2009-08-25 Thread Freddie Unpenstein
From: dev...@iamaquatics.org, Date: 25/08/2009 16:50, Wrote:

 The eventual goal is to create a program to log incidents at an
 aquatic facility. As of right now, I am just trying to write some
 small simple things to stretch out my [programming] legs.

 The goal is to connect to the database and retrieve some information
 on the click of the button. I can't seem to find the equivalent of a
 cout statement for gtk. I have googled it to no avail.

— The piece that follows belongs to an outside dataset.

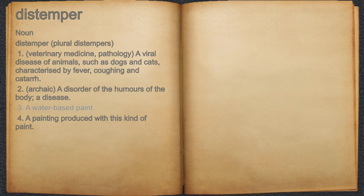3. A water-based paint. 4. A painting produced with this kind of paint.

GIO has I/O streams, though I can't imagine that being what you actually want.  
cout, if I remember my C++ correctly, is often used as a shorthand for printf() 
and the likes that are intrinsic to C/C++.  If you're just wanting to write 
messages to the terminal temporally during development, that's probably the 
easiest way to go.

GLib also has some message logging functions that'll write messages to the 
terminal, can be told to be considered an error, and other log message type 
support.

If you're wanting to log messages, as in to a rotated log file, I believe 
there's libraries and/or glib functionality for that, some of which may include 
syslog support in Unix's.

Then there's also GTKmm if you're working in C++, instead of trying to bang 
around in GTK directly.  Or if you're trying to move to straight C without the 
++, there's also Vala which is rather nice.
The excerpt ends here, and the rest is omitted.